Diving deeper into the problems plaguing higher ed
The main issue with most discussions of the topic is that "college" is a bewildering array of realities; it's like using the word "business" to lump all for-profit economic activity together.
The Ivies are worth every penny. Anyone who doesn't think so literally doesn't know what they're talking about. Connections, access, and a particular worldview are routinely undervalued, although what you'll actually study there is head and shoulders above most college curricula.
After that things get worse really fast. Most colleges are OK to barely adequate. The main drivers for cost (I'm a former academic and administrator) are country-clubization and administration. Administration tracks weirdly well with models of necessary customer support: artisans need very little, mass-market companies need huge amounts assuming they are good-faith. Artisans also don't need to advertise. Part of the cost explosion has come from an arms race to attract students by building ever-more-luxurious facilities, like peacocks evolving tails too heavy for them to walk. Furthermore, there's a vicious incentive: college presidents, most of whom by definition are mediocre, believe that such spending is what characterizes a good president, and that doing so will catapult them upward into a better job, far away from the smoking ruins of poor little Hayseed College. Again, those schools least able to bear this sort of behavior are the ones who get it worst.
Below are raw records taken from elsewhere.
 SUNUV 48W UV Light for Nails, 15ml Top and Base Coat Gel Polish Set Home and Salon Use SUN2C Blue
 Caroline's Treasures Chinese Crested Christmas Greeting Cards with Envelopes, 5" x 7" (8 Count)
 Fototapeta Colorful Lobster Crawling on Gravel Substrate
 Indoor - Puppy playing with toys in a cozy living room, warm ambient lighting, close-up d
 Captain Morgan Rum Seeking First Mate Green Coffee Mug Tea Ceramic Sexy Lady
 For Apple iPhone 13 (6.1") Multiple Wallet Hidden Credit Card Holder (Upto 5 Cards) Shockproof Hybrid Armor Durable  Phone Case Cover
The real issue is grift, "colleges" like Capella and Phoenix. Like the incredibly sick 10% of patients who cause 50% of health care costs, these "schools" exploit runaway government funding, often secured via government contacts and personal connections, to strip unfit students of every penny they have. In the best tradition, they actively seek out students unable to judge the fitness of their proposals, like the "funeral insurance" salesmen who preyed on poor people in the South. Like an actual grift operation, there's zero customer service. It's nearly all pure profit. Biden's proposal to make the first two years of community college free is designed to gut these companies, and it'll work.
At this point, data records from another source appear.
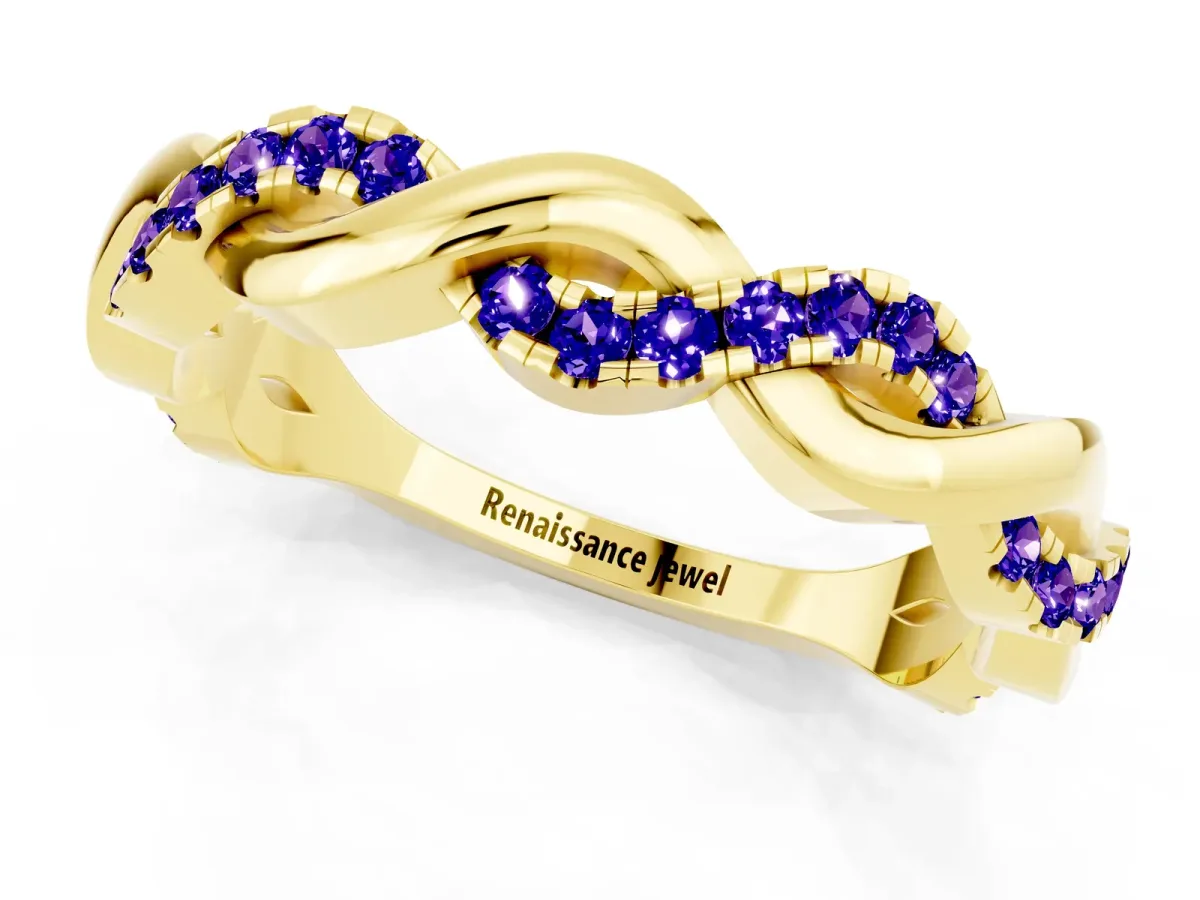 Pavé Round Tanzanite Twist Eternity Band with Shared Prong Setting Yellow gold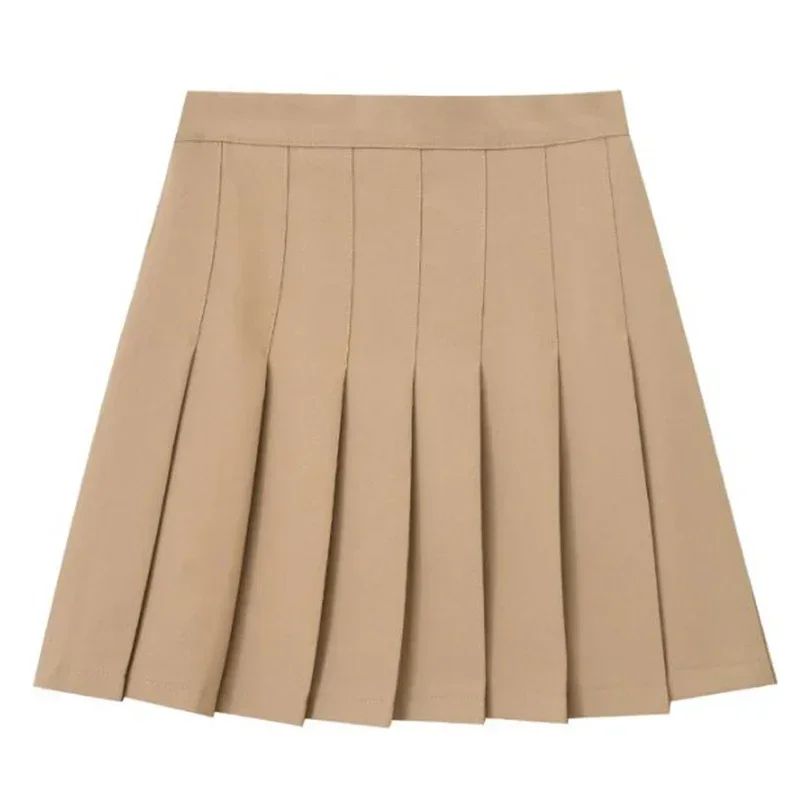 Womens High Waist Pleated Mini Skirt Preppy Style ALine Elastic Waist JK Skirt With Zipper 8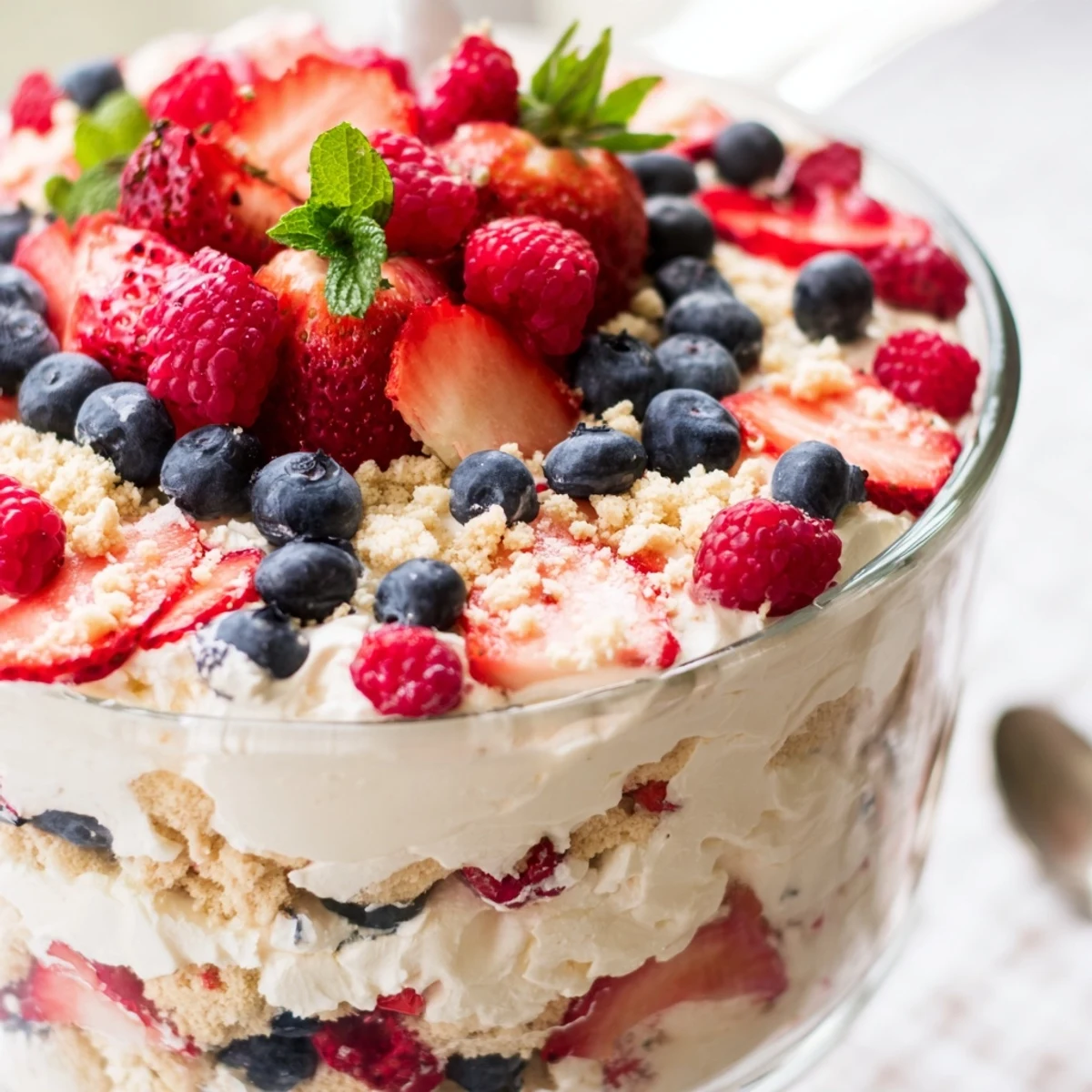 Layers of fluffy filling and bright berries in this Red White Blue Mixed Berry Yum Yum
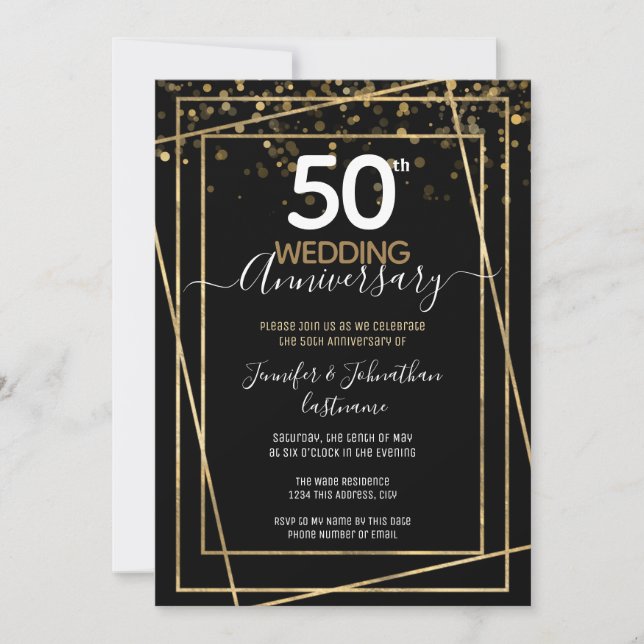 Invitation Cartons d'invitation à bordure dorée pour 50e anni (Devant)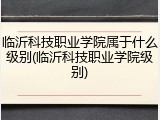 临沂科技职业学院属于什么级别(临沂科技职业学院级别)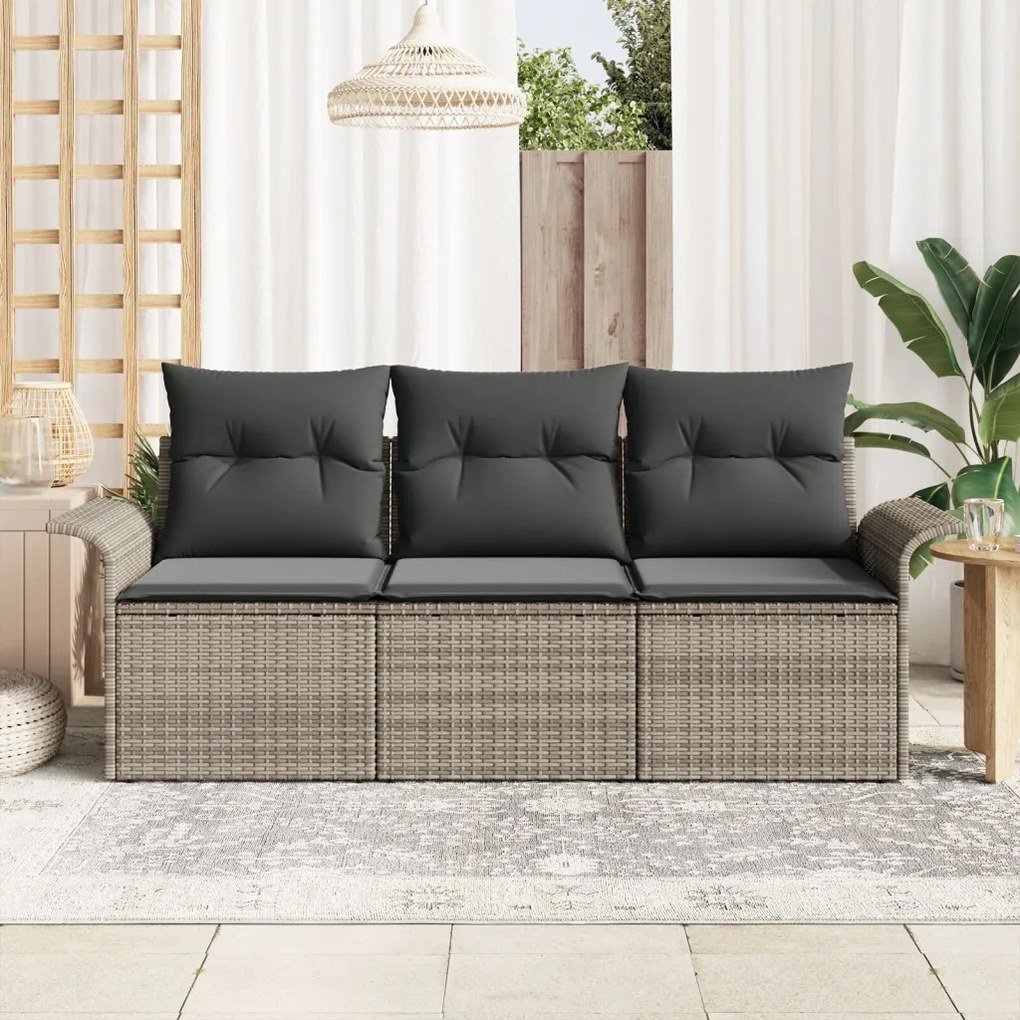 Kerti Kanapé Szett párnával tárolóval 3 pcs Szürke Poli rattan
Most schools overexpanded during the Gen Y boom. Many of the mediocre ones are in serious trouble now: Guilford, Earlham, and Marlboro have all folded or are on the verge, just off the top of my head. ("Mediocre" may refer to quality or to an obviously unsustainable mission with no actions to address that.) My own alma mater is as close to failure as a state school can be, and will likely face drastic reorganization in the next decade.
The real issue is that most of these kids don't belong in college, and I'm a fierce defender of the liberal humanities tradition, blah blah. We have no other path for them, though, and no real path to create a path. Who's going to teach them alternatives? People in business? They'll learn even less in most cases.
👀 "the last entrant into the top 10 was over 100 years ago (Stanford)"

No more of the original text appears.